Sibling Rivalry is recognized by the Library of Congress where they are included in the rare book and findings room. They are also the independent press to win a Lambda Literary award in Gay and Lesbian poetry.
But that’s not as important as their commitment to their community.
“Our main focus is on minority groups. We wanted to find something common in the language of people who have been othered. We want to believe in the work, but we want to believe in the people most.”
Seth and Bryan worked with poet Randi Romo, a queer activist who started as a spoken word artist, then worked their way to the page.
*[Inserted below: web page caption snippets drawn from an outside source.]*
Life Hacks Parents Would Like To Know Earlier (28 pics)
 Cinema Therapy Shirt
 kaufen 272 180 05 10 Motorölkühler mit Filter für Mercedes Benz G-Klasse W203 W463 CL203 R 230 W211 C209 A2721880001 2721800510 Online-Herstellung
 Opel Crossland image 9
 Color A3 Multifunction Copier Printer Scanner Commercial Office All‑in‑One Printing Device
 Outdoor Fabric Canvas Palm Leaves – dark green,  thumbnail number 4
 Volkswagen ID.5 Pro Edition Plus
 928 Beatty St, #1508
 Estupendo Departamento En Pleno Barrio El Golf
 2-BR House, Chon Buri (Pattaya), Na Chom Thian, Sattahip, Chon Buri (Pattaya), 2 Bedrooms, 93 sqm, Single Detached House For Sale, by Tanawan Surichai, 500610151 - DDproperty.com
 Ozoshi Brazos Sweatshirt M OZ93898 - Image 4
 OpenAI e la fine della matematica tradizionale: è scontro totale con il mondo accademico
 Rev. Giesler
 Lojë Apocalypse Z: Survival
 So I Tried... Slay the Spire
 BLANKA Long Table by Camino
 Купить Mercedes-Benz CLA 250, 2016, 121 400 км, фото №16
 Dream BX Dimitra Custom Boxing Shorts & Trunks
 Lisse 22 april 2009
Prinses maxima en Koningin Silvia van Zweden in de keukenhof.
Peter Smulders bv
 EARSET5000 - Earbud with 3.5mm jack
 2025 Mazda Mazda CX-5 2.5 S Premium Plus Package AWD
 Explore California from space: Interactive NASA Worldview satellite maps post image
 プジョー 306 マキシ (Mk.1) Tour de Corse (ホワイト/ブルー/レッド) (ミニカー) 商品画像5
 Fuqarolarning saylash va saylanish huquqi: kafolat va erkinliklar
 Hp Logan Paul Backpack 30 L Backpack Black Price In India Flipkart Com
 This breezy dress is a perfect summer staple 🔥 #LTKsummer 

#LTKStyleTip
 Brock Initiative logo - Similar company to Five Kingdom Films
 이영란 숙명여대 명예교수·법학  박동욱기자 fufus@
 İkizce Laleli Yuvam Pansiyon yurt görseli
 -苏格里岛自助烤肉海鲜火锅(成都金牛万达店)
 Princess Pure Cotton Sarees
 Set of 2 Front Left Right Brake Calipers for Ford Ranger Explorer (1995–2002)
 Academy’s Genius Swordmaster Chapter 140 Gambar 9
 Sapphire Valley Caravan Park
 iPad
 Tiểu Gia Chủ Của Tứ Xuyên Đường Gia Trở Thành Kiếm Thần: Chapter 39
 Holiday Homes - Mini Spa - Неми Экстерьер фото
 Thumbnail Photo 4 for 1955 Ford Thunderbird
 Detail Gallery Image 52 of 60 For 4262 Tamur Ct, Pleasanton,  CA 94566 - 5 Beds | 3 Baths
Bryan and Seth worked with them on craft, execution, manuscript building, and more until their book, Othered, was released.
In June of 2019, I went to a wine bar to attend the launch party for “Stonewall 50,” a book of poetry celebrating the fifty-year anniversary of the Stonewall riots which catapulted the LGBTQ+ civil right movement. I was able to meet Randi Romo and listen to other minority poets read their work.
As an indie for-profit press, Seth and Bryan are able to be involved with their writers in a way that most presses aren’t. “We don’t want a board to undermine decisions.”
In addition, they created the Sibling Rivalry Foundation, a nonprofit dedicated to lifting the voices of minority poets, such as Undocupoets, a coalition run with Amazon for undocumented poets to help offset the costs for submissions and events.
Seth and Bryan are also working in conjunction with Queer Arts Arkansas to try and bring more queer artists to Arkansas, hoping to put their home state on the map for queer artists.
Since they’ve begun, Sibling Rivalry has published chapbooks by poets such as Kaveh Akbar, Saeed Jones, Carl Phillips, Franny Choi, and more.
So how are they able to do all of this?
Sibling Rivalry works with a print-on-demand system run through Ingram in Tennessee. They use Lightning Source, where they can fix errors between printings without investing in a lot of stock. This not only allows them to minimize stock, but also cut the costs related to big publishing.
Sibling Rivalry’s chapbooks typically cost around ten to twelve dollars and thanks to their system, Sibling Rivalry is able to afford a generous royalties package of around 30% with copies. “Ninety cents of every dollar we earn goes back into the press. The other ten cents goes into funding book launches and other projects.”
Although they are on a hiatus for 2020, Sibling Rivalry typically reads manuscripts–both chapbook and full length–from March 1 to June 1. While they tend to be poetry focused, Sibling Rivalry also publishes fiction and non-fiction. Instead of the traditional reading fee, Sibling Rivalry has you purchase one of their books.
“Choosing a publisher is like choosing a family. We want writers to support each other. If money is a barrier, the fee is dropped.”
As Seth prepared to leave, he parted with a promise of things to come. “We hope to do more in the future.”